When F5-TTS is unavailable or produces garbled output:

```bash
edge-tts --voice zh-CN-YunxiNeural --text "旁白文本" --write-media output.wav
```

**Voice selection:**
| Purpose | Voice |
|---------|-------|
| Content narration (male) | zh-CN-YunxiNeural |
| Patch/correction (female) | zh-CN-XiaoxiaoNeural |

---

### Stage 4: Content Slide Rendering

Render animated content slides using Pillow frame-by-frame rendering + FFmpeg pipe.
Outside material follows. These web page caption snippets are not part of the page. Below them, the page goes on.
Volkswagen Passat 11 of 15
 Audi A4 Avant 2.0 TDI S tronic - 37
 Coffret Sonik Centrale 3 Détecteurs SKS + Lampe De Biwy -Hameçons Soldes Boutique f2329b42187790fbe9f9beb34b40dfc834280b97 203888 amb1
Use `scripts/render_slides.py` as the template. The script should:

1. Accept narration text split into lines
2. Render each frame with progressively "typed" text (one new line per frame)
3. Use terminal/IDE aesthetic: dark background (#1a1a2e), green/white text, monospace font
4. Output 1280×720, 24fps PNG frames via FFmpeg pipe
5. Sync frame count to the TTS audio duration

**Key rendering parameters:**
- Resolution: 1280×720
- Frame rate: 24fps
- Background: dark (#1a1a2e or pure black for terminal look)
- Text: green (#00ff41) for code, white for explanatory text
- Font: SF Mono or Menlo for code sections; STHeiti for Chinese text

The script is at `scripts/render_slides.py`. Customize the content per video topic
while keeping the rendering engine intact.

---

### Stage 5: Subtitle Rendering

Generate karaoke-style subtitles as transparent PNG frames overlayed on the final video.

The process:
```
Audio (.wav)
  → Whisper small/medium transcription
  → Word-level timestamps (segments + words)
  → Text correction mapping (fix Whisper mis-transcriptions)
  → Pillow frame-by-frame PNG rendering (transparent BG)
  → FFmpeg overlay onto video
```

Use `scripts/render_subtitles.py` as the rendering engine.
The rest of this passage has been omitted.